:: WHAT NEEDS TO BE DONE ::
Exactly the lines from the opening of the data through the line containing "дживик Гусев" should be reproduced, please, with nothing added.
[DATA TO EXAMINE — start]
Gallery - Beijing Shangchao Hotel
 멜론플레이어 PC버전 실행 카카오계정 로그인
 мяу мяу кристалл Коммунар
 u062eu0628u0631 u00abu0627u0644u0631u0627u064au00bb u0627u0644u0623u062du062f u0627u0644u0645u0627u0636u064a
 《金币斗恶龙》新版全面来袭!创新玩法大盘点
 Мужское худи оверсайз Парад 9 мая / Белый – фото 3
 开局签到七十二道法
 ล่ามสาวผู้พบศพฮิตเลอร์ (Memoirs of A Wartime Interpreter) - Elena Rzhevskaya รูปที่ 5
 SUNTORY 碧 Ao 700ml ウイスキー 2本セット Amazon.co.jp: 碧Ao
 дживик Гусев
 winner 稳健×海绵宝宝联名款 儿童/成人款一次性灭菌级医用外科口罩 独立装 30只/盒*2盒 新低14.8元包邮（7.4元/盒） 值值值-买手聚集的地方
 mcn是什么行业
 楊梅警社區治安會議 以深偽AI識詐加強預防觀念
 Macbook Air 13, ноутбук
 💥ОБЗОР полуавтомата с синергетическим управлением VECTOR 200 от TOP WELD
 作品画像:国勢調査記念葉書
[DATA TO EXAMINE — finish]
:: COMPLETED TASK ::
Gallery - Beijing Shangchao Hotel
 멜론플레이어 PC버전 실행 카카오계정 로그인
 мяу мяу кристалл Коммунар
 u062eu0628u0631 u00abu0627u0644u0631u0627u064au00bb u0627u0644u0623u062du062f u0627u0644u0645u0627u0636u064a
 《金币斗恶龙》新版全面来袭!创新玩法大盘点
 Мужское худи оверсайз Парад 9 мая / Белый – фото 3
 开局签到七十二道法
 ล่ามสาวผู้พบศพฮิตเลอร์ (Memoirs of A Wartime Interpreter) - Elena Rzhevskaya รูปที่ 5
 SUNTORY 碧 Ao 700ml ウイスキー 2本セット Amazon.co.jp: 碧Ao
 дживик Гусев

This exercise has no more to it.